Um dos objetivos do seminário é ampliar o debate do Matopiba em todos os níveis, municipal, estadual, nacional e internacional. Em Moçambique, por exemplo, a situação é de extrema violência no campo. “Nossa situação política é de guerra e até agora não temos paz, o moçambicano está chorando para ter paz e viver livre, lá convivemos com a usurpação de terra dos camponeses”, relata a representante de Moçambique, Helena Terra.
De acordo com Rosival Leite, coordenador estadual da Fetraf Bahia, muitos agricultores perderam suas áreas, onde a produção era da agricultura familiar. “Presenciamos diariamente os conflitos no campo, são os grandes fazendeiros e proprietários do agronegócio colocando seus jagunços para coagir nosso povo. Agora, com esse processo de estrangeirização das terras o problema se consolida cada vez mais”, conta.
No Maranhão a realidade não é diferente, sem contar com a manipulação da informação pela grande mídia sobre o agronegócio. “Não foi um assunto debatido com as reais informações de impactos para as comunidades. Entendemos que o Matopiba não é só uma expansão da fronteira agrícola, a estratégia é bem maior. Envolve exportação, ferrovia, hidrovias, portos, a retirada de comunidades tradicionais das suas zonas, exploração da terra sem sustentabilidade, estrangeirização das terras e muito mais. O debate de resistência é necessário e urgente”, explica Maria da Graça Amorim, coordenadora de mulheres da CONTRAF BRASIL e da Fetraf Maranhão.
Vizinho, o estado do Piauí sofre com a extração do solo devido as grandes áreas de soja na região e o descaso político do governo federal e estadual com os assentamentos da reforma agrária. “Provamos para qualquer empresário e Governo que a fala pregada por eles de plano de desenvolvimento é equivocada. Eles argumentam, por exemplo, que o eucalipto é uma forma de colocar o nordeste verde, engano, quando podemos ter outras culturas como o caju e bacuri que superam em número e qualidade de vida. Provocamos o diálogo e às comunidades para que não aceitem a imposição técnica elaborada pelas multinacionais”, critica Antônio Chaves, coordenador de da política agrária da FAF Piauí.

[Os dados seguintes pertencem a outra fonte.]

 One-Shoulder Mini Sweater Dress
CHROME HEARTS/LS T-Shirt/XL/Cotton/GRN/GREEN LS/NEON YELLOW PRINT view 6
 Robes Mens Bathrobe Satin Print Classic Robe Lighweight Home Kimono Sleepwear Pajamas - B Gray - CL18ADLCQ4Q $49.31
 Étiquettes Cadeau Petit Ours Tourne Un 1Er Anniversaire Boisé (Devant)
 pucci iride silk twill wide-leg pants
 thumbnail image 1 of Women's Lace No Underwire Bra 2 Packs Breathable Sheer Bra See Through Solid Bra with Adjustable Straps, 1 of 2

Entre os dias 16 e 18 de novembro a CONTRAF BRASIL contribui com a construção dos encaminhamentos como a agenda de ações e relatos das comunidades que deverão compor uma carta para ser entregue aos governos. “Vamos ampliar este debate para os municípios e estados para garantirmos a preservação do Cerrado, a produção da agricultura familiar, as comunidades tradicionais, a produção da água, além de fortalecer nosso movimento pela defesa desse bioma, que é tão importante, o Cerrado brasileiro”, avalia Lázaro Bento, coordenador de gestão e finanças da CONTRAF BRASIL.